Task statement: Nothing but the lines from the start of the entries below through the line containing "बेंगलुरु : एक" should appear in the answer, copied exactly and free of pictures.

** Opening Dataset block **

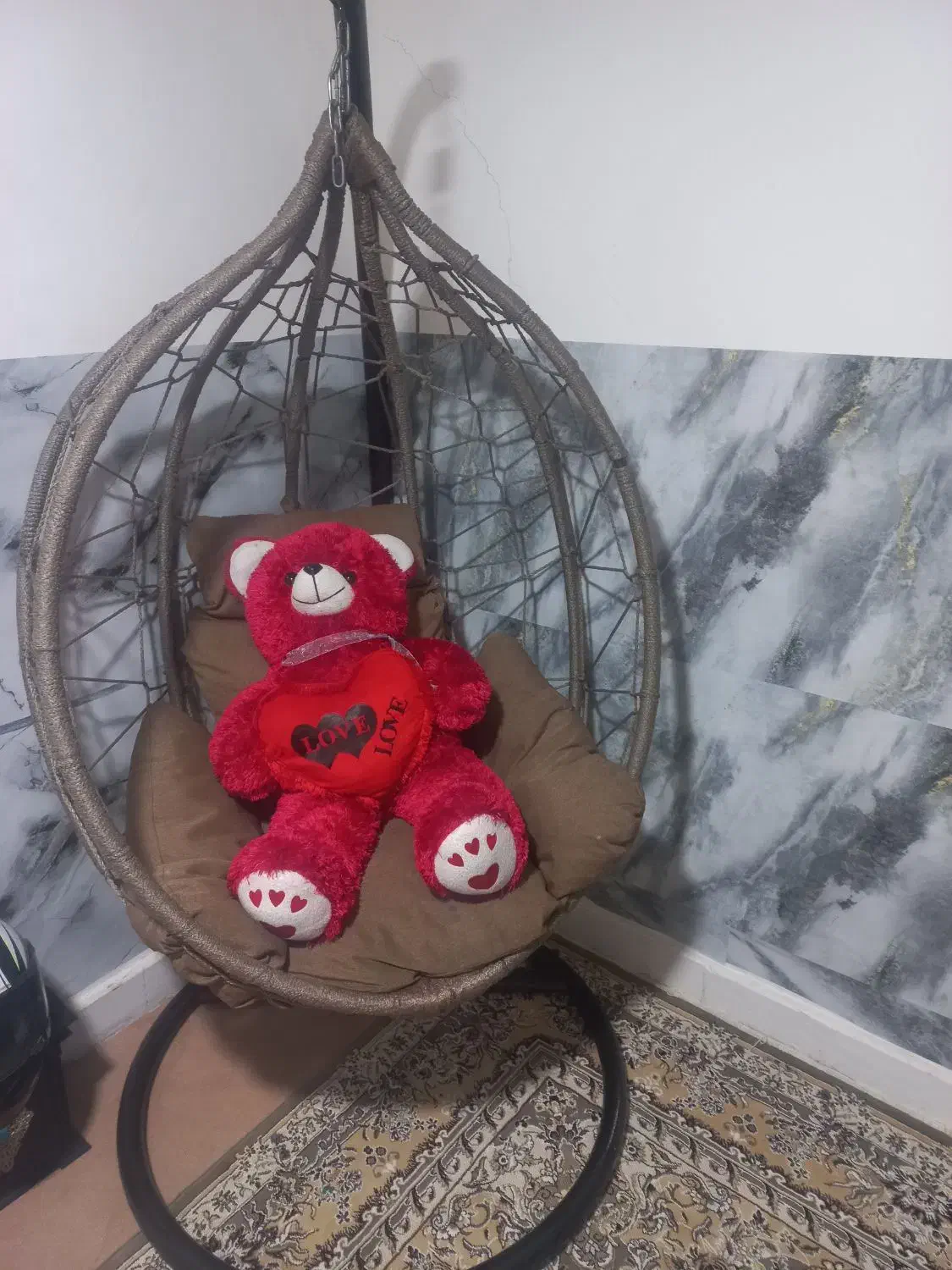 تاپ ریلکس|مبلمان خانگی و میز عسلی|کبودرآهنگ, |دیوار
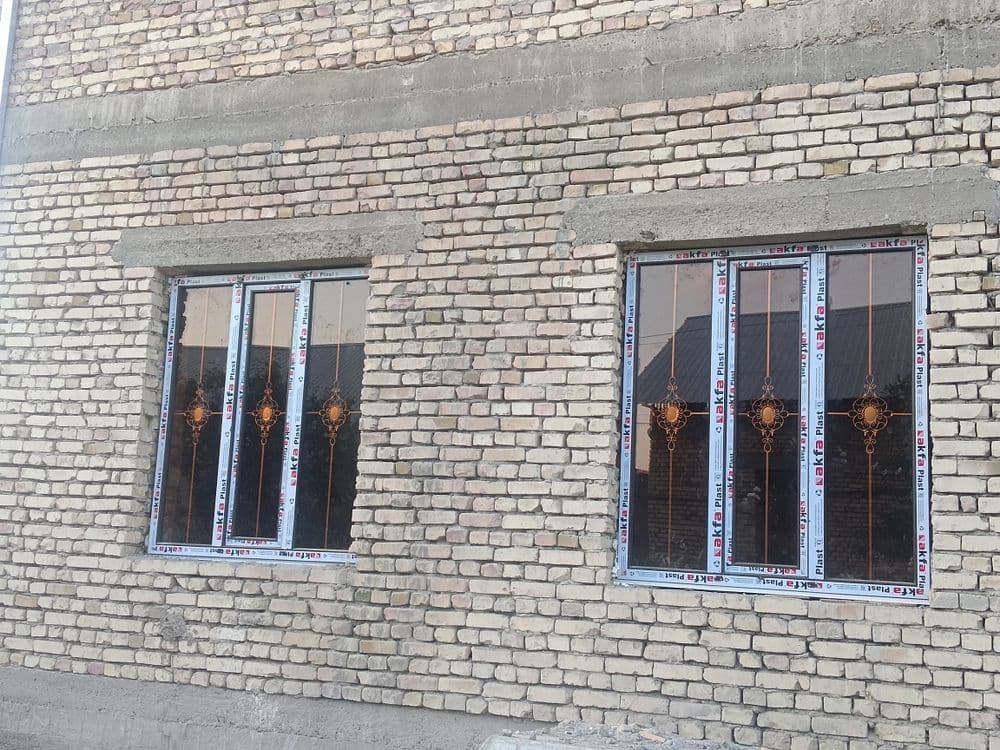 Eshik va derazalar yasab beramiz — 7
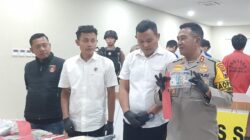 Uang Palsu Beredar di Sukoharjo Jelang Lebaran, Polisi Sita 29 Lembar Pecahan Rp50 Ribu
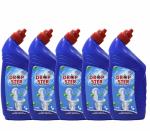 Dropster 500ML Toilet Cleaner (Pack Of 5)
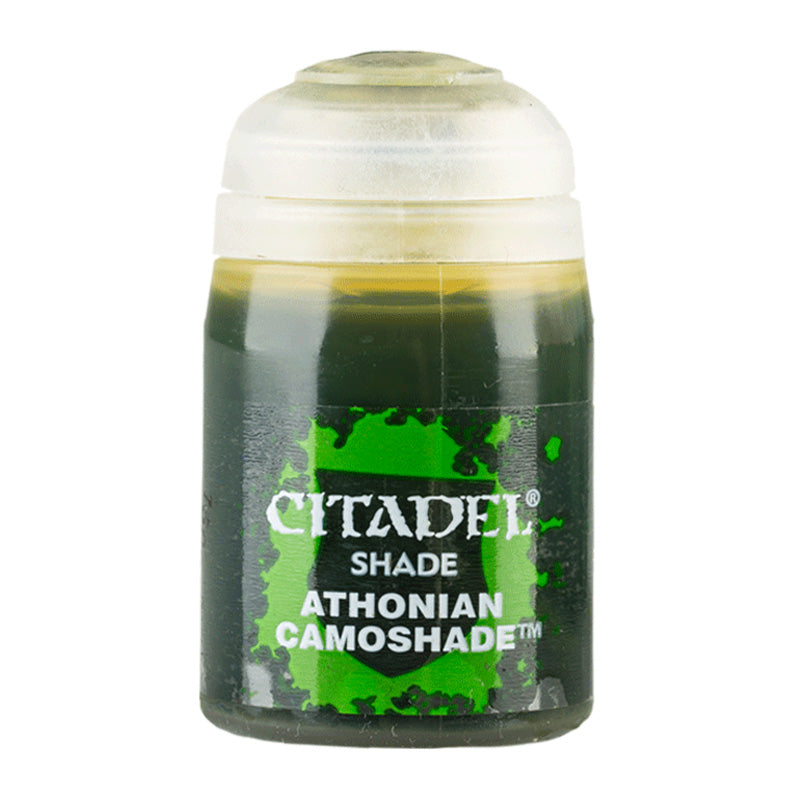 Warhammer Athonian Camoshade Shade Paint (18ml)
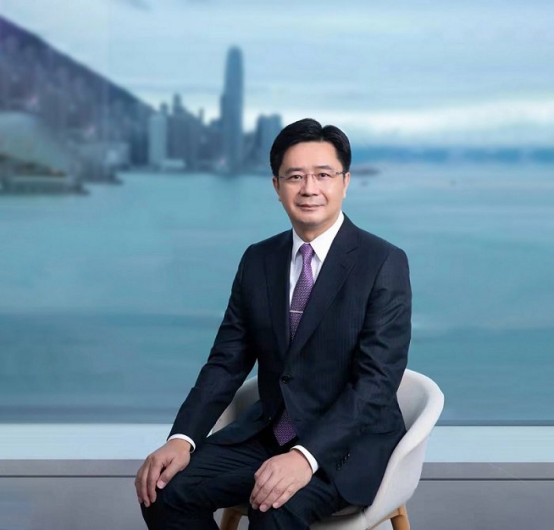 中国太平陈沛良当选新一届香港立法会议员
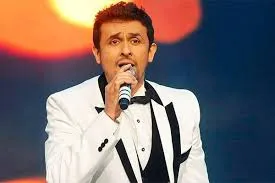 बेंगलुरु : एक बार फिर विवादों में लोकप्रिय गायक सोनू निगम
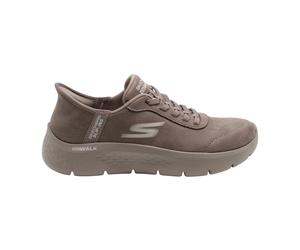 Skechers - Marjetten - - Sport - Donna - Marrone - 41 EU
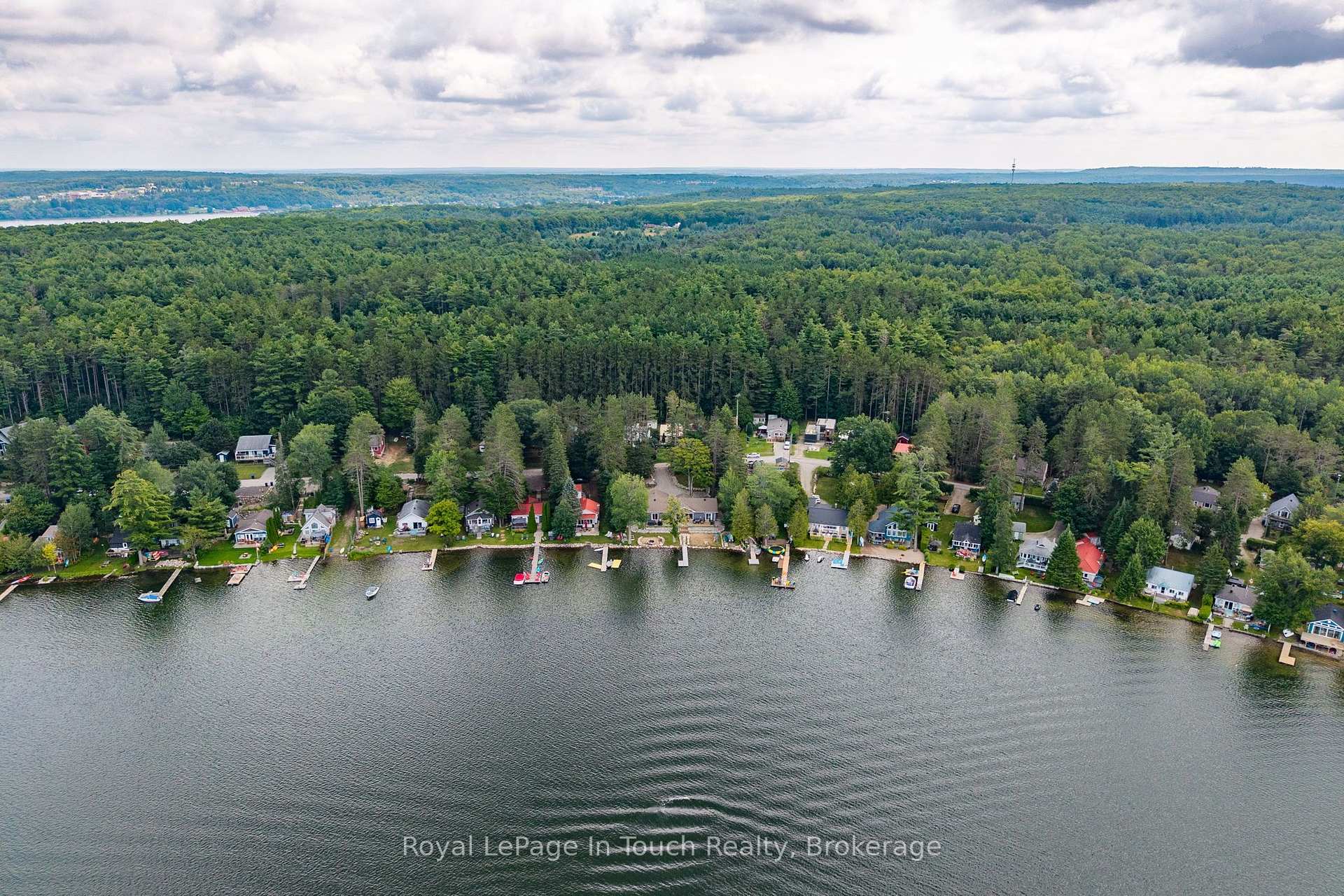 Photo 13 of 86 Andrew Drive, Tiny, Rural Tiny — HOMEH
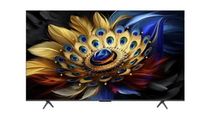 Telewizor TCL 75C655 PRO: QLED 4K Smart Google TV Dolby Vision, Atmos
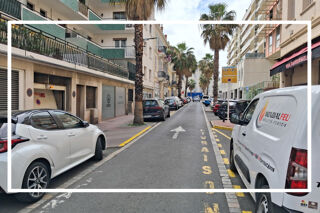  Parking / Garage à vendre 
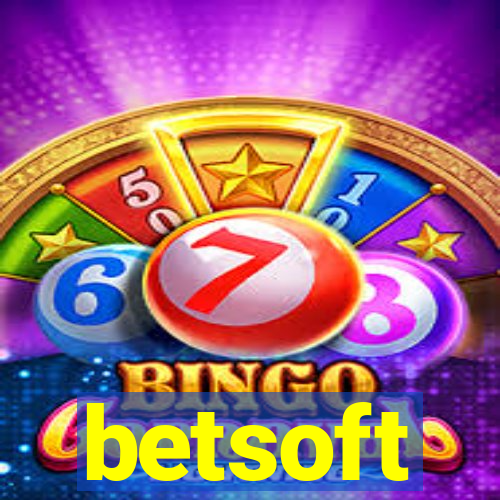 betsoft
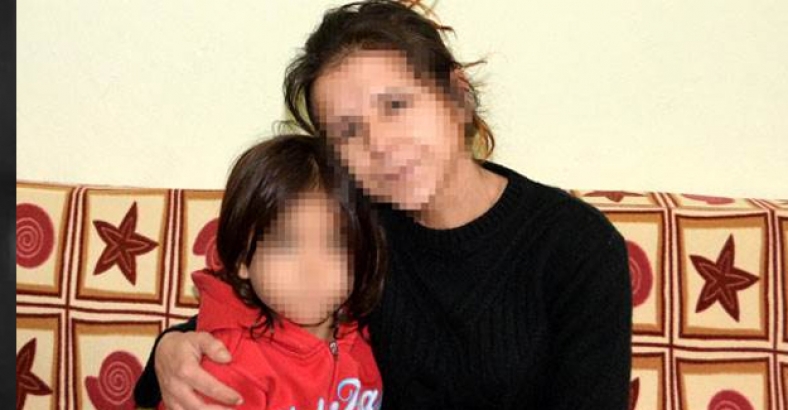 Dede, 5 yaşındaki torununu taciz etti iddiası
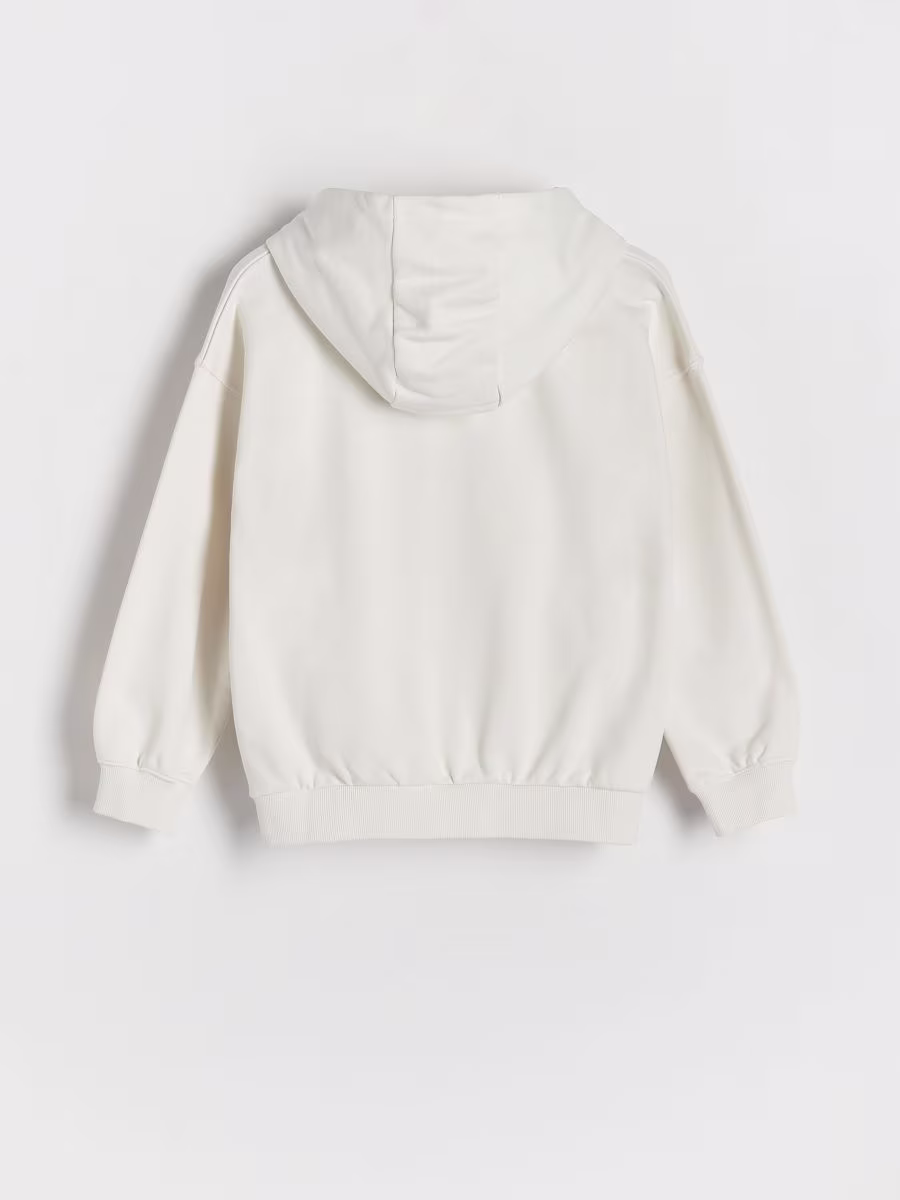 Oversized Sweatshirt
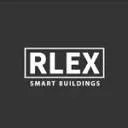 Logo van RLEX Smart Buildings
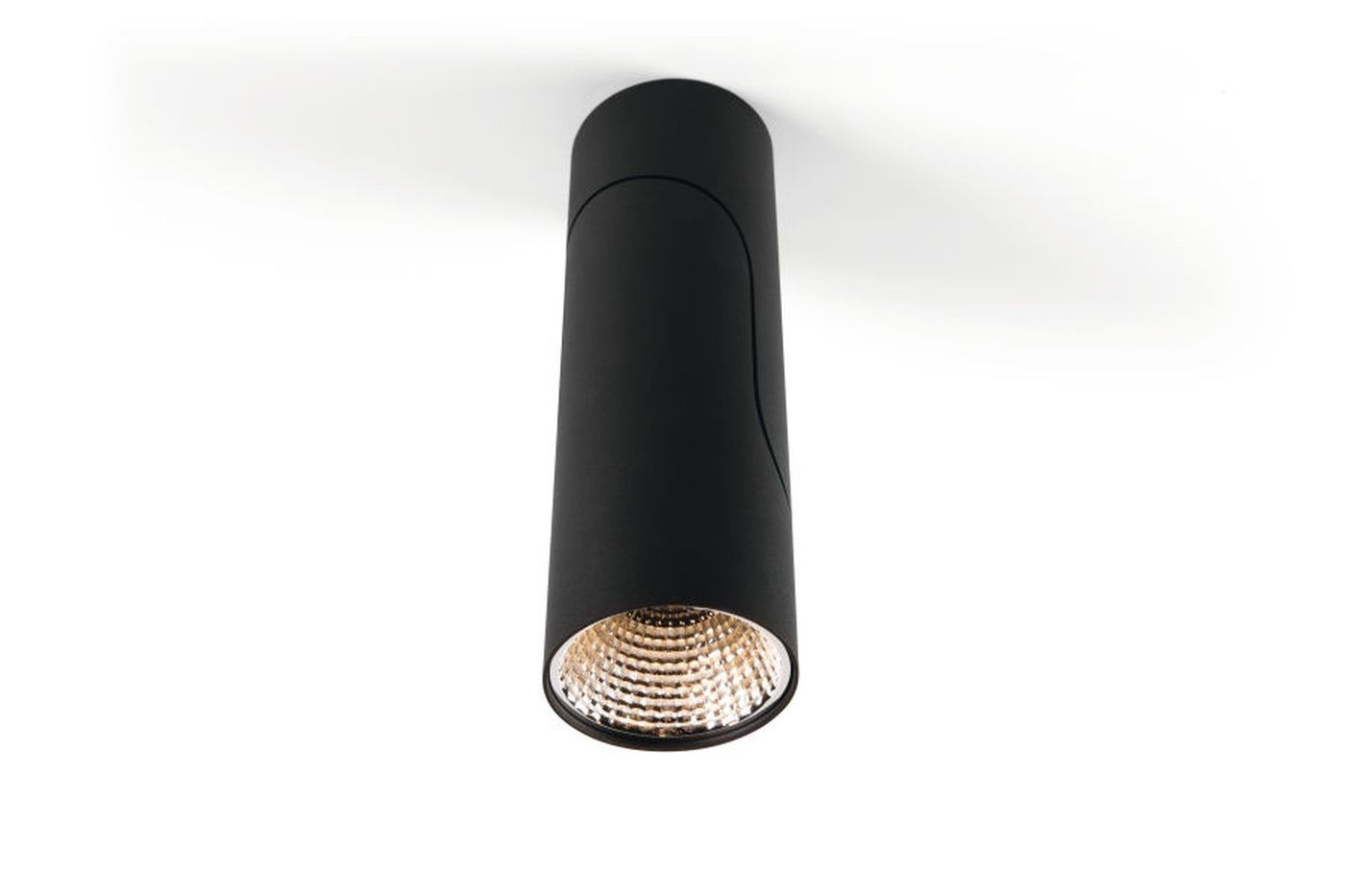 Semih 61 ceiling LED warm dim Tre dim GI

** Closing Dataset block **

Written response:
 تاپ ریلکس|مبلمان خانگی و میز عسلی|کبودرآهنگ, |دیوار
 Eshik va derazalar yasab beramiz — 7
 Uang Palsu Beredar di Sukoharjo Jelang Lebaran, Polisi Sita 29 Lembar Pecahan Rp50 Ribu
 Dropster 500ML Toilet Cleaner (Pack Of 5)
 Warhammer Athonian Camoshade Shade Paint (18ml)
 中国太平陈沛良当选新一届香港立法会议员
 बेंगलुरु : एक बार फिर विवादों में लोकप्रिय गायक सोनू निगम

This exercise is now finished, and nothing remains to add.